THE PROBLEM :: Would you repeat the whole listing exactly, pictures excluded?

INPUT ::
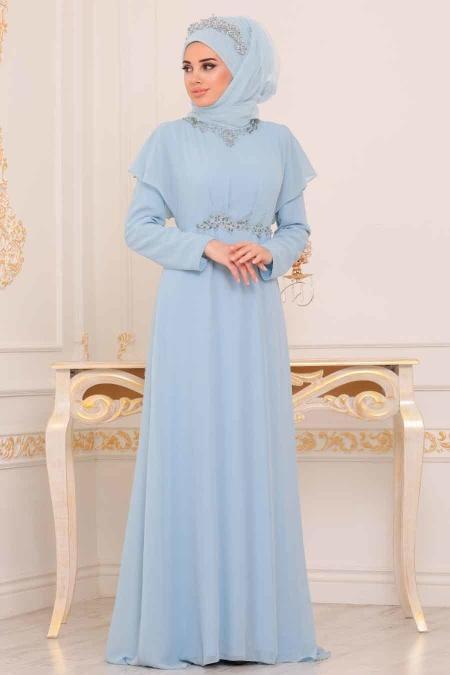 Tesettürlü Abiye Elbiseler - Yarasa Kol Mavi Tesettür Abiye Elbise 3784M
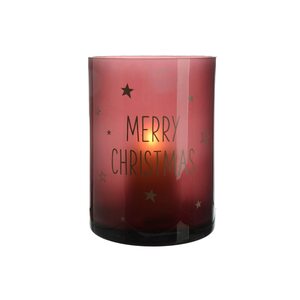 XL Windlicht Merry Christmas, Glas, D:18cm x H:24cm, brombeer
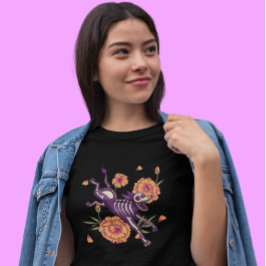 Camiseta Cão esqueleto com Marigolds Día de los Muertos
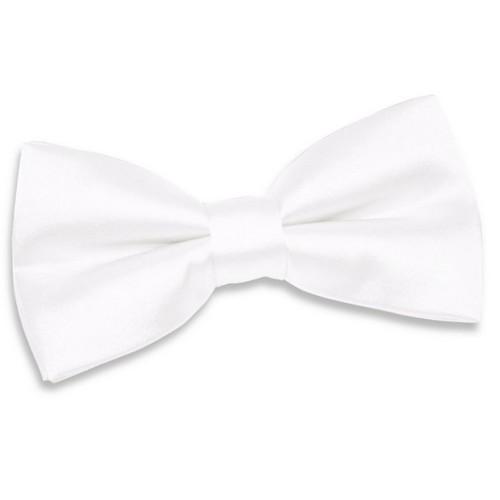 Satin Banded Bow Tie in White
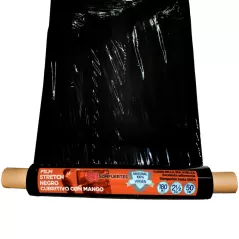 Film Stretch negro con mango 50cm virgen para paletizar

WRITTEN RESPONSE ::
 Tesettürlü Abiye Elbiseler - Yarasa Kol Mavi Tesettür Abiye Elbise 3784M
 XL Windlicht Merry Christmas, Glas, D:18cm x H:24cm, brombeer
 Camiseta Cão esqueleto com Marigolds Día de los Muertos
 Satin Banded Bow Tie in White
 Film Stretch negro con mango 50cm virgen para paletizar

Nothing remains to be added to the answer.